Sunday, June 14, 2009

Returning to Ryszard Kapuściński's _Shah of Shahs_

Ryszard Kapuściński, who died last year, was an extraordinarily 
gifted journalists. So much so that he became known in the 
West for his coverage of events, especially in Africa, even 
though he was (until 1981) a member of the Polish United 
Workers' Party and reported under the strictures of the Polish 
Press Agency (PAP).  

His specialty was revolutions, and in 1979 the revolution of the moment was in Iran, which he recounted in his book The Shah 
of Shahs (1983), which again seems pertinent given what is 
going on in Iran right now, not just because it is about Iran, but 
because it gets at the anatomy of revolutions more effectively 
than any book I know. For example he reminds us that a 
revolution is not just a large political event it is one experienced by individuals, who when faced with the threat of the violence 
by authorities suddenly change their standard behavior by not 
being afraid.  At the same time, even as revolutions are about 
high ideals, individual expectations about the meaning of change are also far more mundane, like an expectation of a better job or new shoes.  Finally, he points out that when revolutions succeed there is all too often a lack of practical vision, or helplessness 
among the supporters, which makes revolutions vulnerable to 
suppression by the powers that be on the one hand and hijacking by zealots acting in the name of the new revolutionary order on 
the other.  (My paraphrases do not do justice to Kapuściński's 
presentation of these points, so if you haven't check out the 
book).

In as much as Kapuściński was writing about a successful 
revolution, the explicit story is how the Iranian Revolution 
came about, and more obliquely how how the Islamic 
radicals ended up taking power.
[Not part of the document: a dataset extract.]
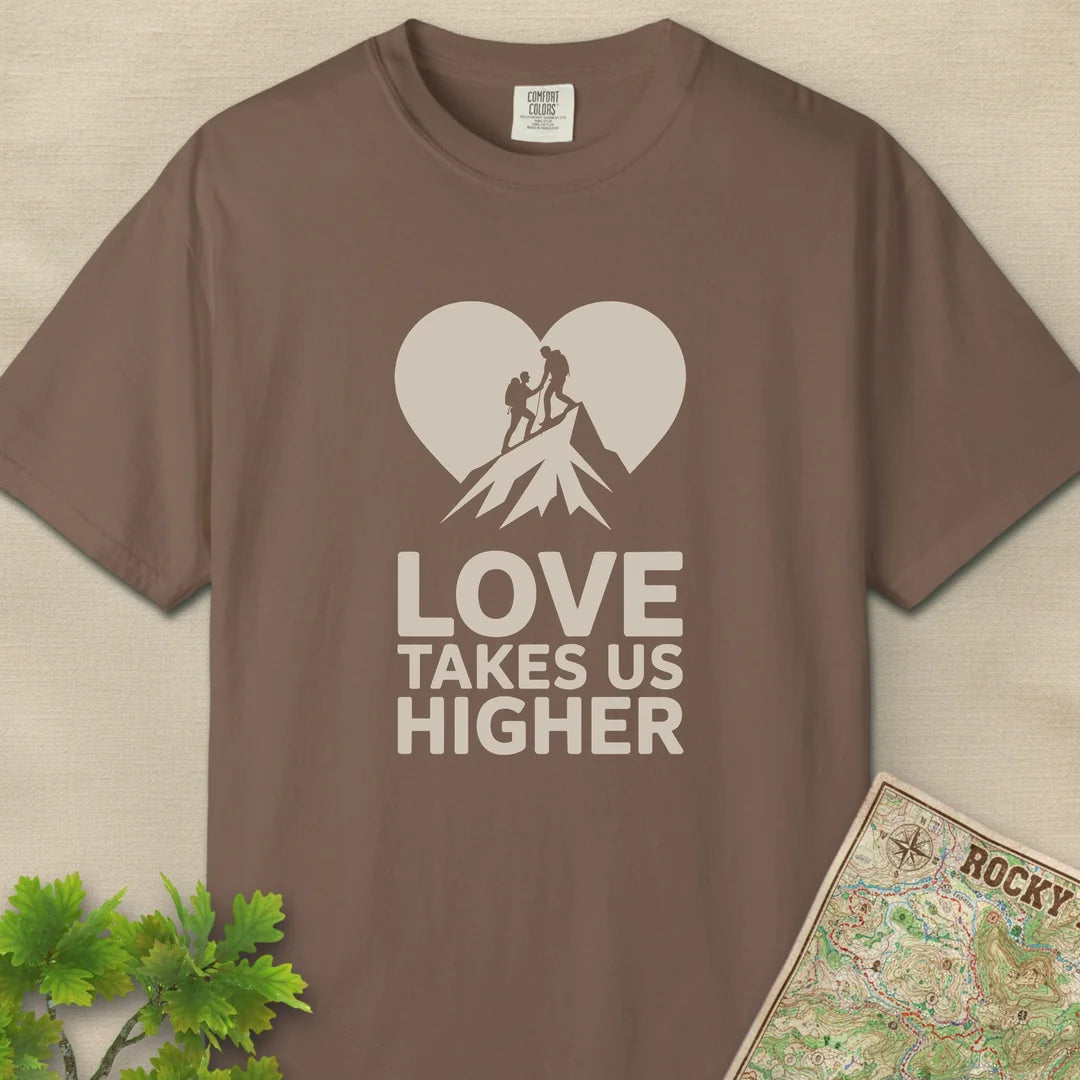 Love Takes Us Higher Hiking T-Shirt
Yet implicit throughout the 
book is a story of what happened in Poland in the 1970s that 
led to the Solidarity revolution of 1980-81, and the 
disorganization among Solidarity's supporters (though I hasten 
to add, not necessarily its more realistic leadership) that created
conditions that made the proclamation of Martial Law possible 
without widespread active resistance.

As I write, it is very much unclear whether supporters of reform 
in Iran have the power to turn anger at the stolen election, for 
which a very knowledgeable observer has shown there is ample 
empirical evidence, can be turned into a successful revolution.  
Juan Cole (link above) seems to think Mousavi's experience of 
the aftermath of the 1979 Revolution makes him unlikely to be 
ready and willing to lead an outright rebellion. At the same 
time, the hard-liners who are backing Khamenei cannot shut 
down cell phones and internet access for very long without 
disrupting the lives of their supporters. What is more the
prospect of a serious and organized rebellion once 
communications blackouts are lifted may yet lead more 
pragmatic conservatives to find dealing with Mousavi preferable 
to continuing to back Mousavi and Supreme Leader Ayatollah 
Khamenei. That result would then be akin to the Polish 
roundtable talks which were provoked by the Polish Communist 
leaders' decision that talking to Walesa and Co. was better than 
facing the radical leaders of the wave of strikes in the Spring of 
1988. At the same time, Mousavi should not be confused with 
Walesa, who lead a reform movement from the outside. If there 
is a comparable figure, it is probably Alexander Dubcek, who 
had been an insider and leader, but as a link to the reform
movement of Prague Spring was useful to the leaders of the 
Velvet Revolution, but then easily discarded, a fate that could
befall Mousavi if his opponents hold off on dealing with him
too long. But that is the optimists scenario, at least for those 
on the west. The alternative is the path chosen by the Chinese 
in 1989, hoping that support in the countryside and relative 
lack of awareness of what supporters of Mousavi really want 
will allow a the crackdown to be successful, but then 
Ahmadinejad and Khamenei do not have the same positive 
record on economic development to fall back on.